Are you a parent concerned about the impact of your child’s screen time? Is time spent on screens harming your child? Or can it be good for them?
The reality is that we live in a digital world, and technology is now a big part of both your own and your child’s daily life. Kids are growing up in environments where screens are everywhere and online is the norm, shaping the way they learn, communicate and access information from an early age. It’s almost impossible to restrict screen time altogether, and with so many conflicting views, it’s okay to feel worried about its impact or overwhelmed with how to manage it.
Let’s delve a bit deeper into screen time, its pros and cons, and how, with the right support and tools, it can help prepare your child for a digital future.
Is screen time bad for kids?
Yes and no. The way we use technology is incredibly diverse, which means that not all digital screen use is the same. Sure, too much time spent passively consuming digital content is bad for young children, especially if it is causing a loss of interest in other activities, family time and social interaction.
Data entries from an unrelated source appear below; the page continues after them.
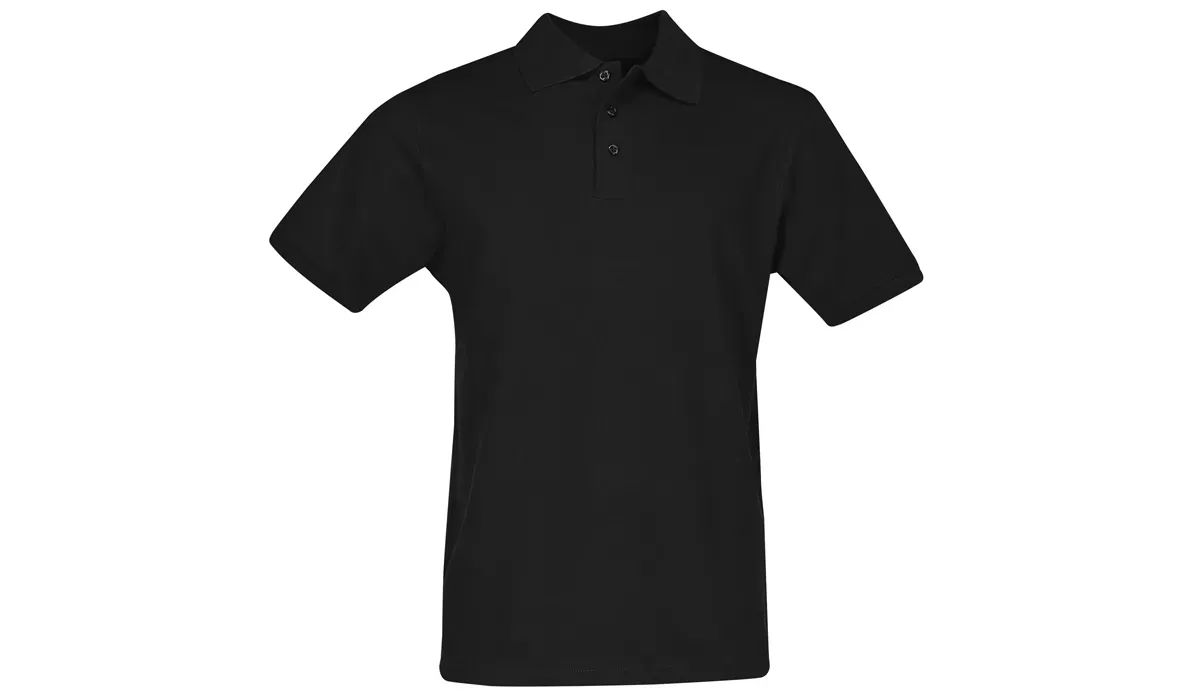 Classic Polo aus Baumwolle Men - schwarz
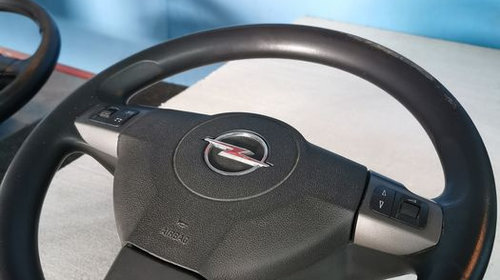Volan / airbag Opel Astra H cu comenzi
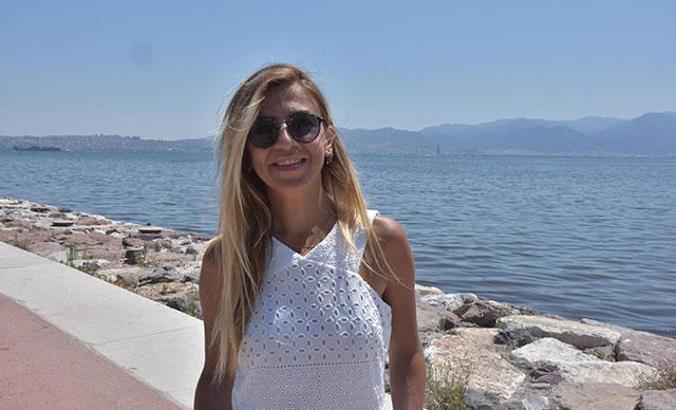 Boşanmak istediği eşi tarafından tehdit edilen Saadet'e bakanlık desteği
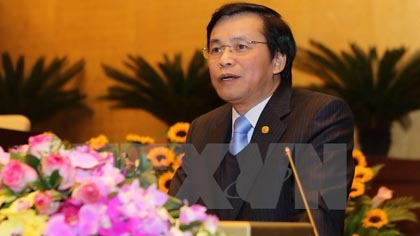 National Assembly Secretary General Nguyen Hanh Phuc. (Photo: VNA)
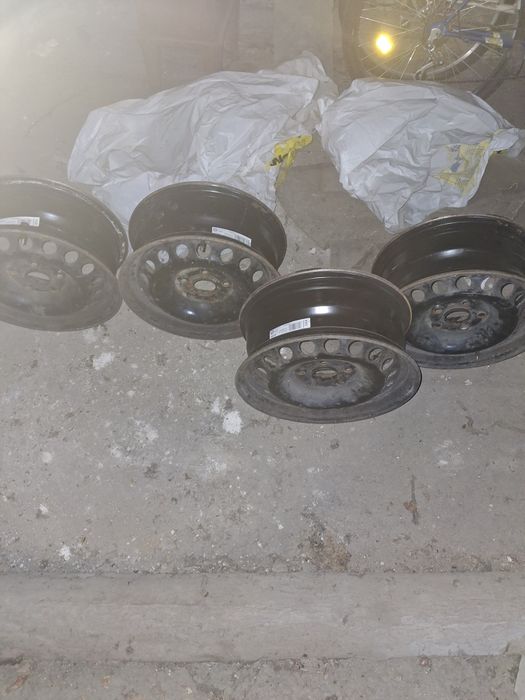 Железни джанти  15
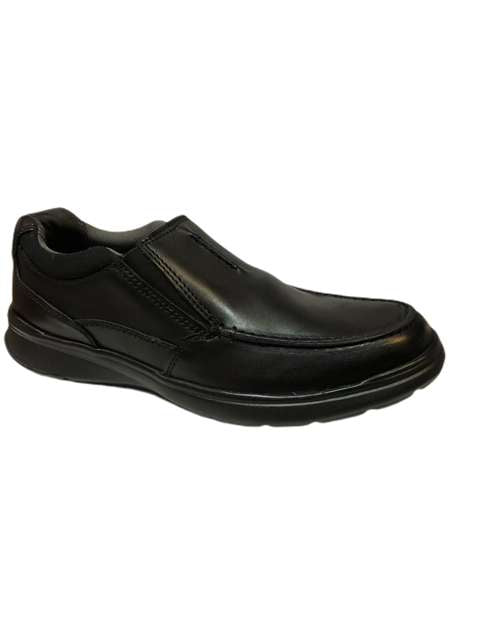 Clarks Mans Shoe Cottrell Free - Black, 7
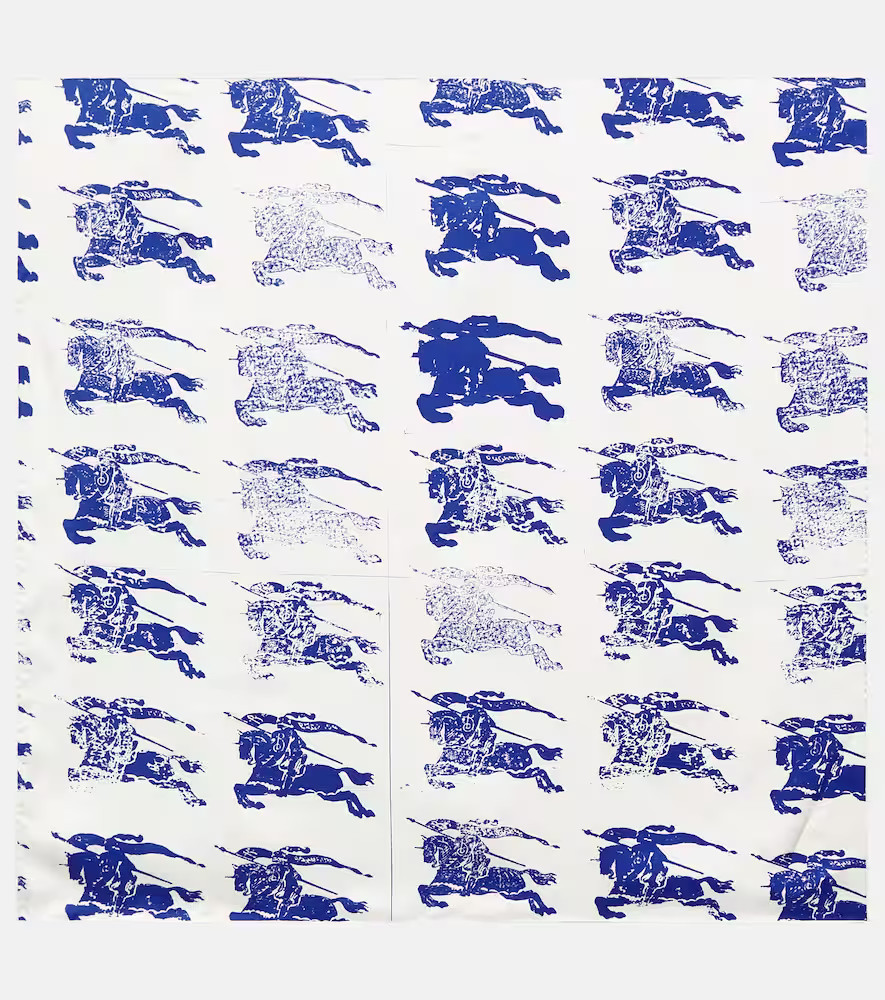 Burberry Printed silk scarf | Mytheresa (US/CA)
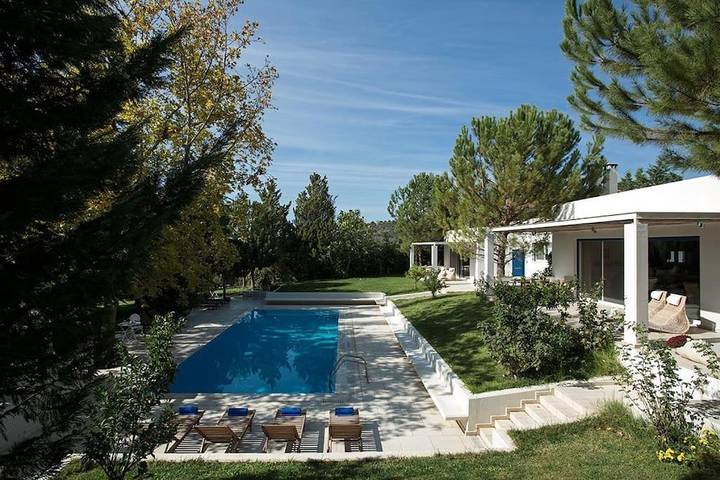 Location de vacances pour 6 personnes, avec jardin et piscine, adapté aux familles à Nauplie - 3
But, this doesn’t make all screen time harmful.
And this is where smartphone learning comes in. Time actively spent engaging with high-quality educational apps and interactive games makes screen time more productive and the process of learning fun.
Making screen time beneficial
You know what they say, quality over quantity. The same is true when it comes to screen time. By focusing on what your child is consuming, screen time can become a great learning tool in your child’s education. Here are ways to help make screen time a positive experience.
Using screen time for learning
Educational apps and games on smartphones are a great way to get your child to learn outside of school. Our ‘Feed the Monster’ app is proof of this, with studies showing that just 22 hours of play is equivalent to two months of attending literacy classes at a well-resourced school.
Establish reasonable rules and limits
Take a closer look at the role that screens are playing in your family’s daily lives. Do you eat dinner in front of the TV? Do the kids use their phones before bed? By establishing rules and time limits on screen time – for example, ‘no phones at the dinner table’, ‘no screen time before bed’, or ‘screen-free Saturdays’ – your child is more likely to develop a healthier relationship with digital devices.
Overall, we should not look at screen time as either good or bad. Remember, it’s more about how we use them and the content we choose to engage in. With the support of high-quality educational apps and engaging content, devices like smartphones or tablets are powerful learning tools.